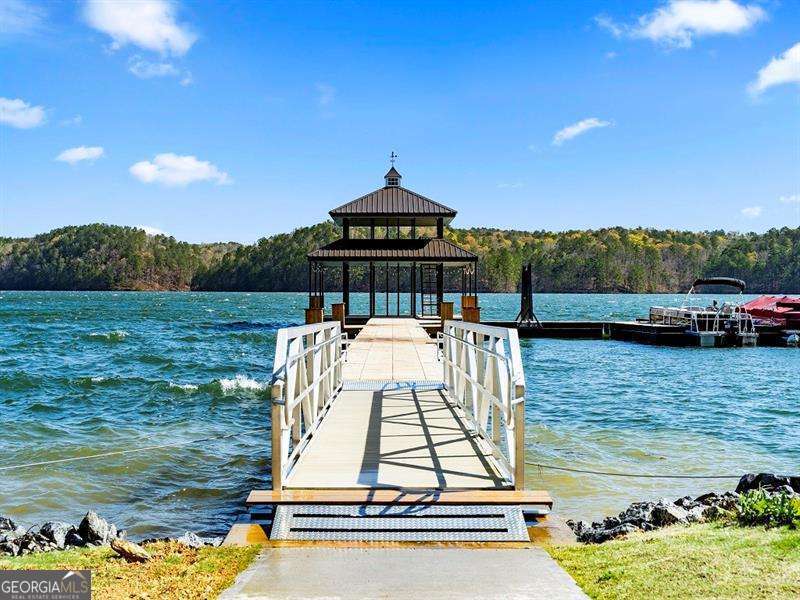 160 Cherokee Drive S Waleska GA 30183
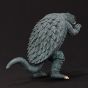 Kaiyodo Kochi - NANKOKU FACTORY "Gamera, the Giant Monster" Gamera, the Giant Monster 1/250 Soft Vinyl Kit Reprint Edition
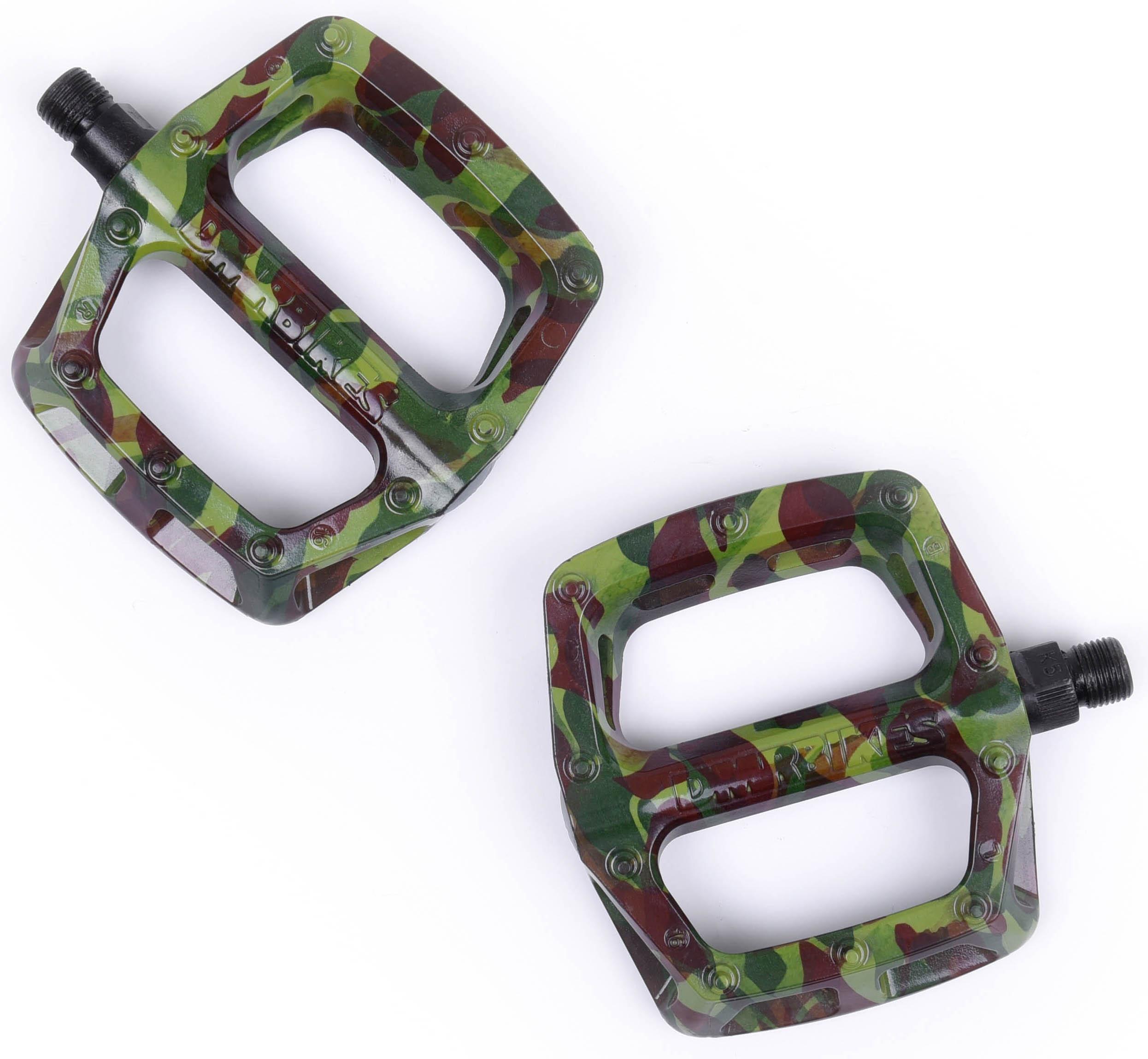 DMR V6 Nylon MTB Pedals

----------------------------------------

▸ **What this task involves**:
Please give the data again unaltered, leaving out any images.

▸ **Result of this task**:
 160 Cherokee Drive S Waleska GA 30183
 Kaiyodo Kochi - NANKOKU FACTORY "Gamera, the Giant Monster" Gamera, the Giant Monster 1/250 Soft Vinyl Kit Reprint Edition
 DMR V6 Nylon MTB Pedals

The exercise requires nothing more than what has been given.